Gödel's results were a landmark in 20th-century mathematics, showing that mathematics is not a finished object, as had been believed. It also implies that a computer can never be programmed to answer all mathematical questions.
Gödel met Zermelo in Bad Elster in 1931. Olga Taussky-Todd, who was at the same meeting, wrote:-
The trouble with Zermelo was that he felt he had already achieved Gödel's most admired result himself. Scholz seemed to think that this was in fact the case, but he had not announced it and perhaps would never have done so. ... The peaceful meeting between Zermelo and Gödel at Bad Elster was not the start of a scientific friendship between two logicians.
In 1933 Hitler came to power. At first this had no effect on Gödel's life in Vienna. He had little interest in politics. However after Schlick, whose seminar had aroused Gödel's interest in logic, was murdered by a National Socialist student, Gödel was much affected and had his first breakdown. His brother Rudolf wrote
This event was surely the reason why my brother went through a severe nervous crisis for some time, which was of course of great concern, above all for my mother. Soon afer his recovery he received the first call to a Guest Professorship in the USA.

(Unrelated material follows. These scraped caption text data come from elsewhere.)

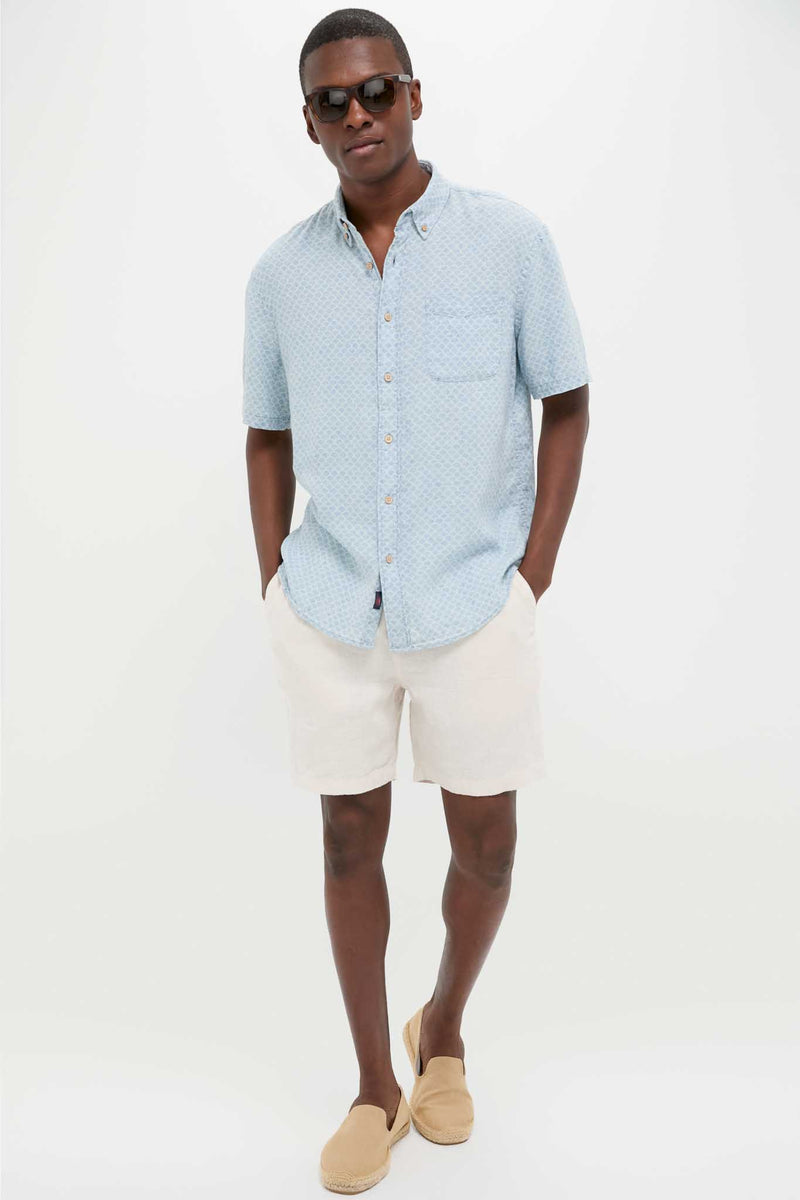 Fish Scale Breeze Shirt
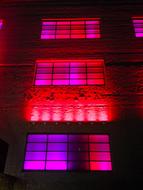 Architecture Lights Building wall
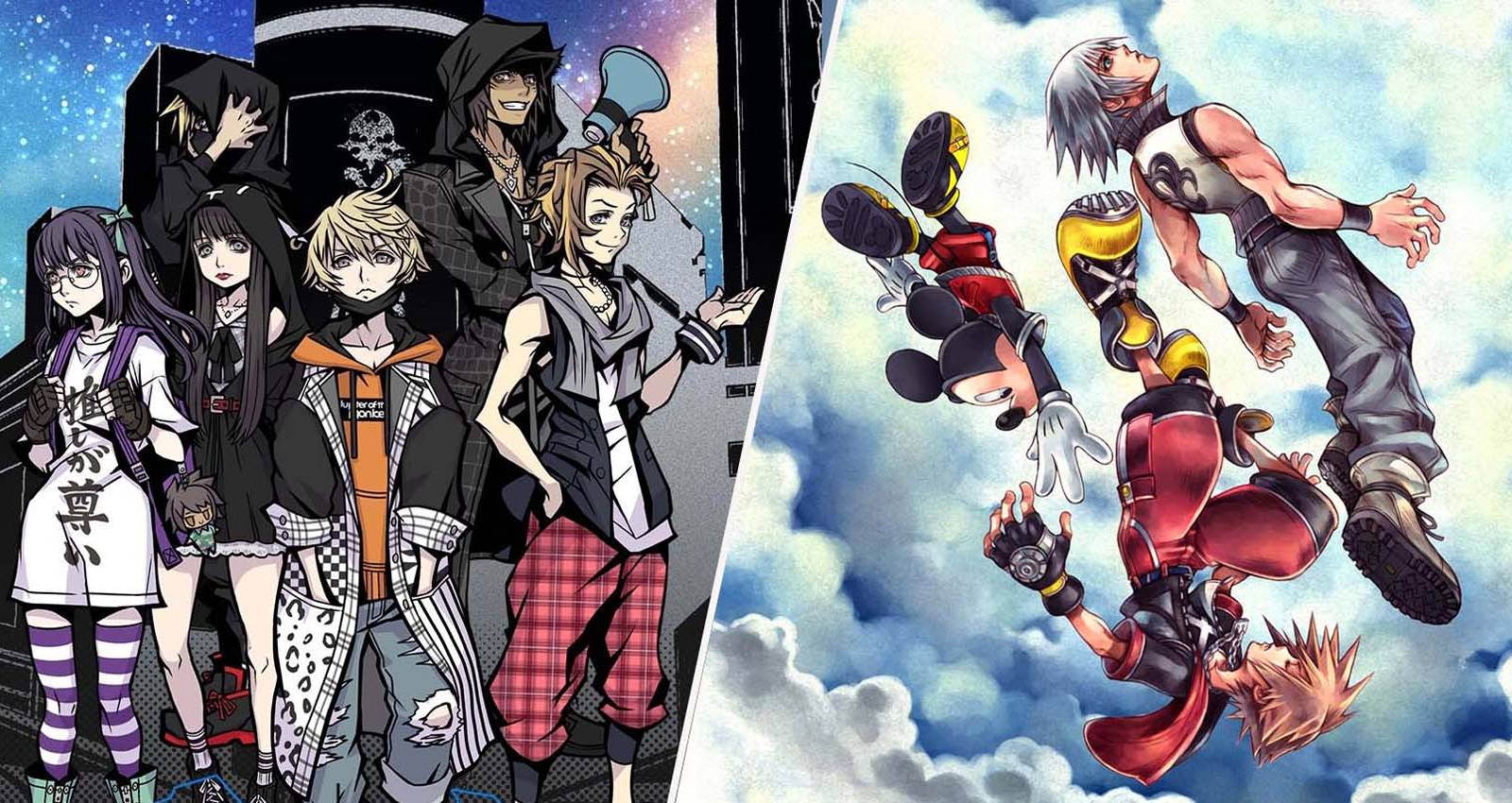 Neo The World Ends With You and Kingdom Hearts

In 1934 Gödel gave a series of lectures at Princeton entitled On undecidable propositions of formal mathematical systems. At Veblen's suggestion Kleene, who had just completed his Ph.D. this at Princeton, took notes of these lectures which have been subsequently published.
He returned to Vienna, married Adele Porkert in 1938, but when the war started he was fortunate to be able to return to the USA although he had to travel via Russia and Japan to do so.

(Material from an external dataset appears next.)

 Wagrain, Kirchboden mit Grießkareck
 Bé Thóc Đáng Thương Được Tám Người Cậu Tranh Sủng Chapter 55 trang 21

In 1940 Gödel emigrated to the United States and held a chair at the Institute for Advanced Study in Princeton, from 1953 to his death. He received the National Medal of Science in 1974.

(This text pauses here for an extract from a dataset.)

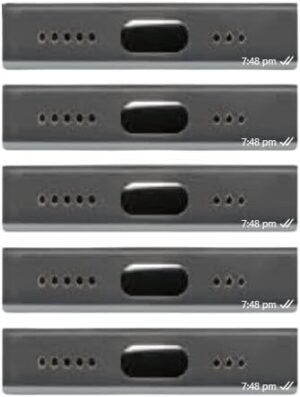 جهاز ليد ذكي بحساس للحركة لعد السجدات والركعات اثناء الصلاة لمنع السهو والخطأ اثناء الصلاة عدد 5 حبات-B0DW1J8Q31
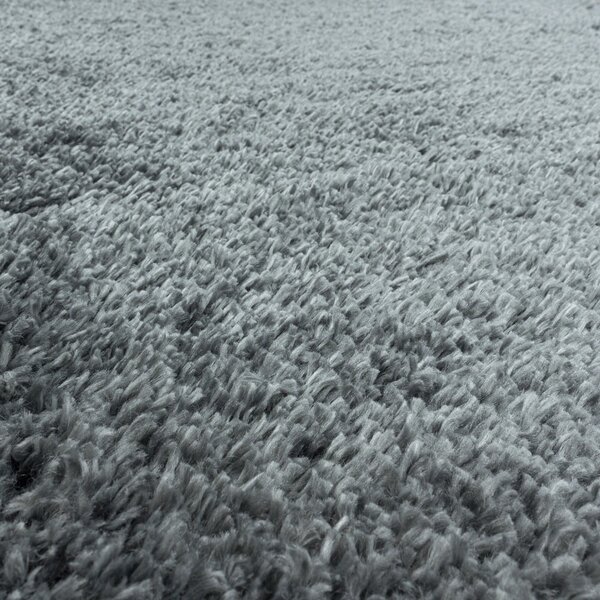 Szürke szőnyeg 80x150 cm Fluffy – Ayyildiz Carpets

His work Consistency of the axiom of choice and of the generalized continuum-hypothesis with the axioms of set theory (1940) is a classic of modern mathematics.
His brother Rudolf, himself a medical doctor, wrote:-
My brother had a very individual and fixed opinion about everything and could hardly be convinced otherwise. Unfortunately he believed all his life that he was always right not only in mathematics but also in medicine, so he was a very difficult patient for doctors. After severe bleeding from a duodenal ulcer ... for the rest of his life he kept to an extremely strict (over strict?) diet which caused him slowly to lose weight.
Towards the end of his life Gödel became convinced that he was being poisoned and, refusing to eat to avoid being poisoned, starved himself to death.